‘Big’ records in these late stages of the decade come in all guises. One of the best ways to look at the gulf in different variants is best explained through the spine tingling festival slaying chords of Eric Prydz’ ‘Opus’, both in it’s dramatic tension building post EDM monster original and the strung out Four Tet remix masterpiece. Two big tunes, built around the same elements, crafted differently, yet still achieving the same result – albeit with a different audience in mind. Amazing really how two similair, in essence the same, pieces of music can effortlessly encapsulate the differing ends of the spectrum of modern dance music.
This sudden surge for a subtler degree of sophistication alongside the more obvious routes to dancefloor nirvana was brilliantly encapsulated last year. 2015’s undeniable but very newly minted form of banger came in the shape of a revival, Fatima Yamaha’s resurgent jam ‘What’s a girl to do’ over a decade old during last Summer when it dominated the sets of many. The sleeper hit of the past few years had been gradually picking up steam via Jackmaster and Rubadub’s early patronage, and it seemed to bask in a coronation which saw it rip through a number of festivals, no better than the final ever Garden Party in Croatia. The track saw plenty of boat party action and a brilliant viral video of it soundtracking the sunset at the RA party at Barbarellas helped add further weight to the velvet steamroller.

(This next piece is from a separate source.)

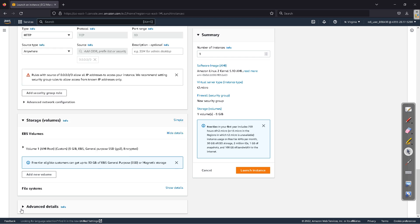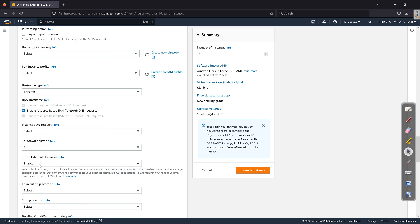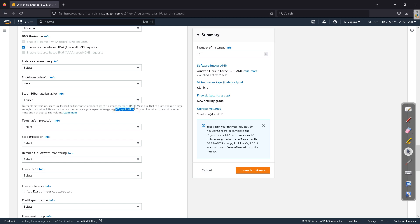Now go to Advanced Details and scroll down. You'll see the 'Stop - Hibernate behavior' option — enable it. There's an important message to understand: to enable hibernation, sufficient space must be allocated. Your root volume must be able to store the RAM contents, so the EBS root volume should be greater than the RAM size — if your RAM is 1 GB, your EBS volume should be at least 8–9 GB. Also, the root volume must be encrypted.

Now 2016 has it’s contender for the same title. Much Like Yamaha before it, Midland’s simply gorgeous ‘Final Credits’ has it’s own Barbarellas promo turn, a majestic couple of minutes of footage from Ben UFO and Craig Richards slipping it into the mix as shards of sunlight punctuate the sky. It’s a reel which cries out for the millennial slang stamps of approval; tapsaff, vibes and scenes all no doubt delivered with a smirking smugness. And it’s for a track low slung to the near point of horizontal, melancholy, haunting and deliriously downbeat despite it’s nagging funk at the beginning. There’s swish synths, loose drums and an ever so slightly pitched vocal which is just magical, opining with a tear drenched sadness “cos neither one of us wants to be the first to say, goodbye”. It’s a record that will only get better with each and every listen, which, if you have a bit of clout about where you dance, will happen a lot this summer.
On the flip ‘Vigilante’ is a bit of a rougher gem, slower and darker in it’s mournful output and a more than fitting side-kick to proceedings. It’s more Midland as we know him, but the real allure is in this stunning further development of his more disco influenced output since establishing Regraded. In this dark new world we live in, it’s the exact bittersweet moment of beauty we all need to escape our troubles.